The present report details STING–AMPK signaling in the pathological process of ALI after intestinal ischemia–reperfusion injury. The main findings included the following: (1) the STING C-176 inhibitor significantly reduced lung injury and pulmonary fibrosis after intestinal ischemia–reperfusion injury; (2) the STING C-176 inhibitor significantly ameliorated pulmonary apoptosis and pyroptosis; and (3) the protective effects of C-176 against ALI after intestinal ischemia–reperfusion injury may be associated with STING–AMPK signaling.
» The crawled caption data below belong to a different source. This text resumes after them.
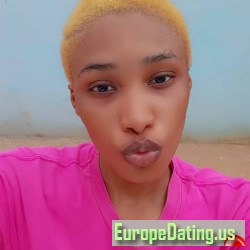 Beccaddy, 20000427, Owerri, Imo, Nigeria Beccaddy, 20000427, Owerri, Imo, Nigeria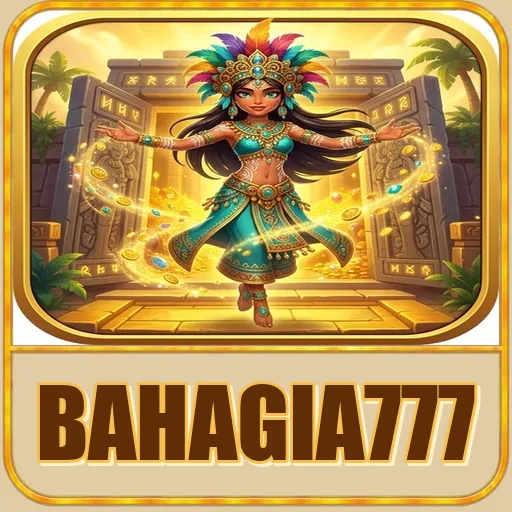 Download APK Process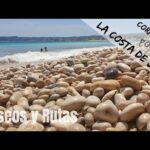 Los mejores lugares para disfrutar del atardecer en Jávea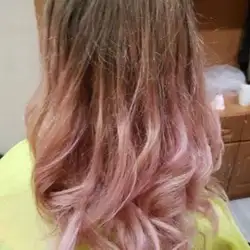 Ірина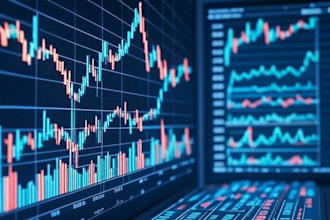 crypto community booster, skyrocketing x and telegram growth
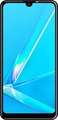Black Bear B6 Royal Price In India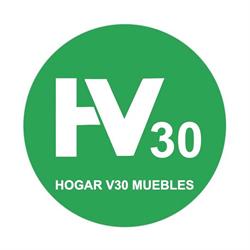 Horario de apertura Hogar V30 Muebles, Cuenca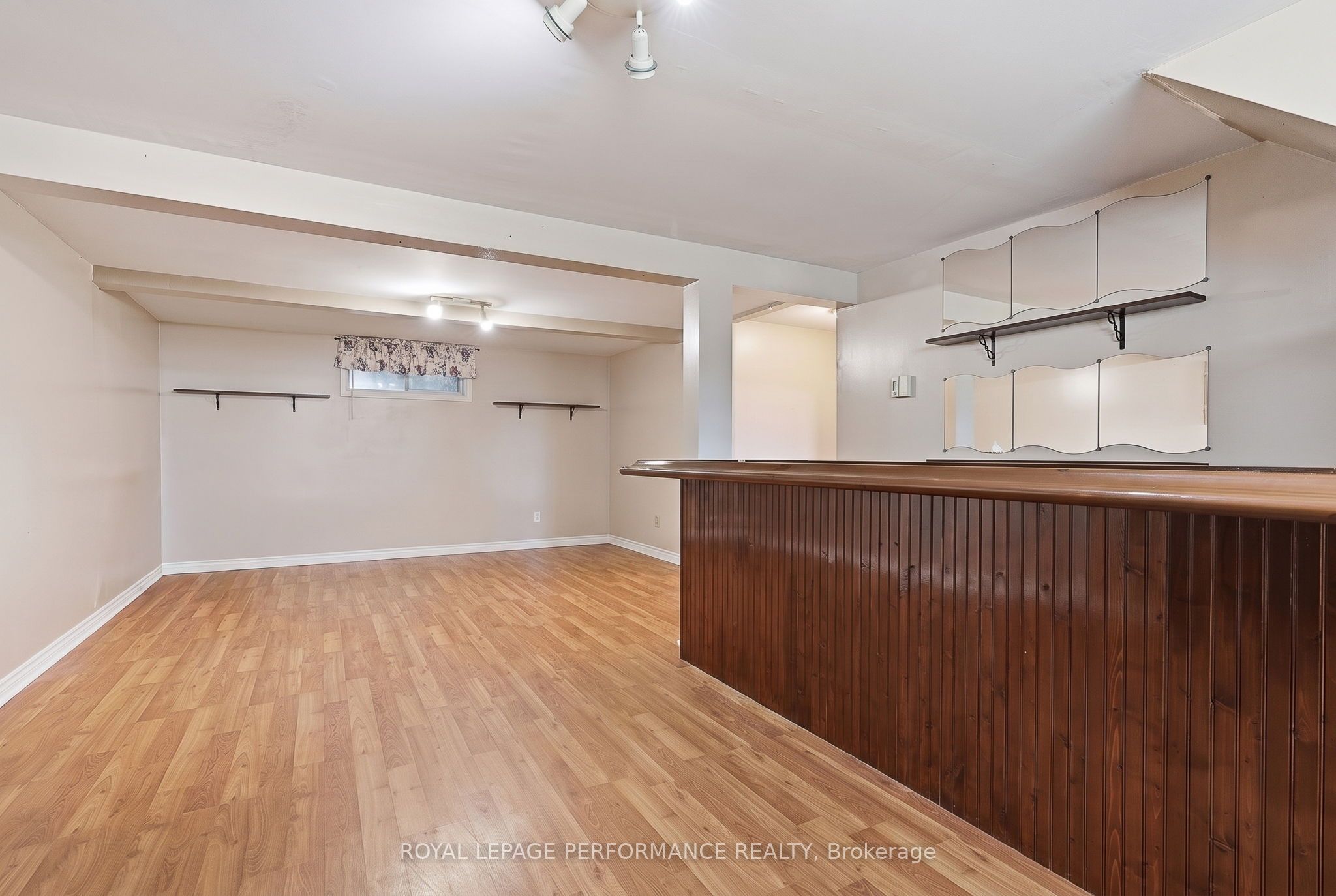 321 Sainte-anne Street Property Photo 22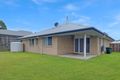 Property photo of 16 Morgan Circuit Urraween QLD 4655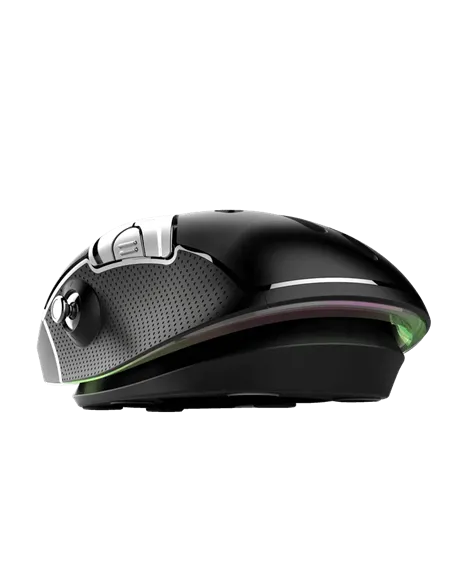 A Tres Click | Mouse Gamer Gamemax GX10 Gravity $&nbsp;282.900 $&nbsp;164.034 Gamemax Teclados y Mouse 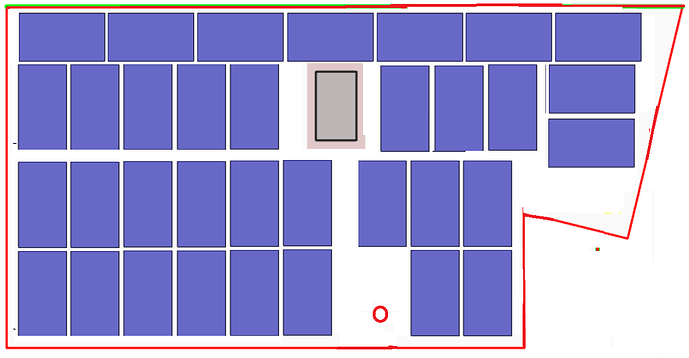 grafik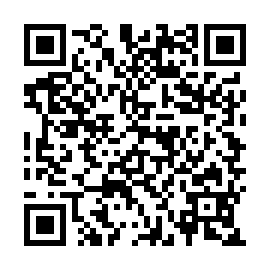 QR 368c4fe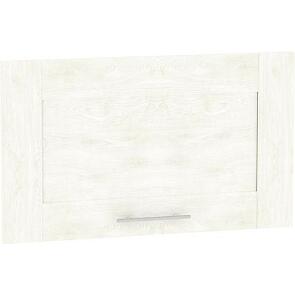 Комплект фасадов Лофт Nordic Oak Ф-85
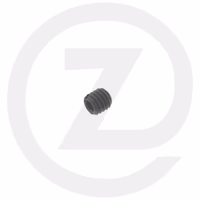 BROCHE FILETEE - 932177 - MANITOU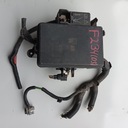 Блок предохранителей Cabstar 2.5 07- F234(05)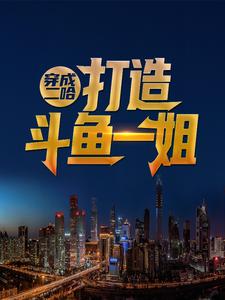 《秦小白苏婉清》小说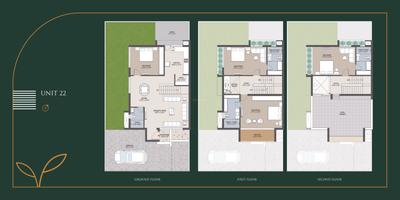 Keystone 30 Brochure 21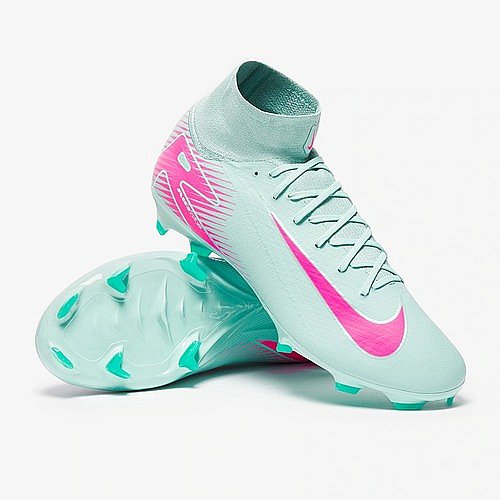 ���� ������ ��� �������� ����� ����� ������� Mercurial Superfly HF9433-301m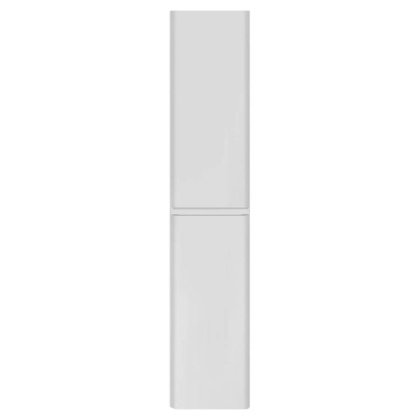 Шкаф Vico VSC-2V170GW подвесной, 1700*350*350, G.White Шкаф Vico VSC-2V170GW подвесной, 1700*350*350, G.White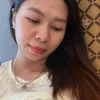 hong.nguyen987833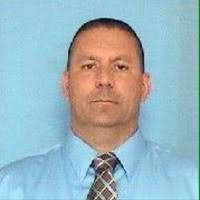 Randy Plunk's Instagram, Twitter & Facebook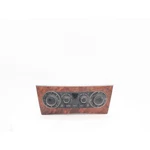 2006 Mercedes-benz Clk350 Hvac Temp Control Panel Part Number - 655-51695a. Fixed Price $39.99.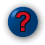 FAQ - questions fr�quemment pos�es - frequently asked questions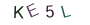 d362f6f250189bd3f768b08dd5accab7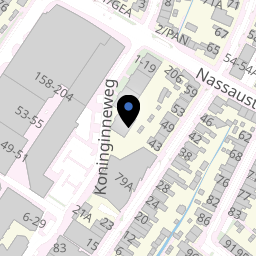 Appartement LSE00 D 6297 39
Endogenous toxins released from intestinal bacteria can shift to the circulatory system after intestinal ischemia–reperfusion injury, resulting in systemic inflammation, including lung injury [25]. In addition to endogenous toxins, inflammatory factors, including IL-1 and IL-6, produced during ischemia enter the circulatory system [26]. In the current study, we showed that serum DAO and IL-1β were significantly increased after reperfusion, which indicates that circulation mediators were released from intestinal tissue. Relevant studies revealed that distant lung injury occurs during the process of reperfusion after intestinal ischemia; however, the mechanism of lung injury after intestinal ischemia–reperfusion injury remains unclear [27, 28]. The data showed that lung injury indicated by TLW, BALF protein content, pathological score, and collagen volume fraction were significantly aggravated after intestinal ischemia–reperfusion injury. This implies that this rodent model of intestinal ischemia–reperfusion injury potentially triggers distant lung injury, which can destroy the alveolar membrane.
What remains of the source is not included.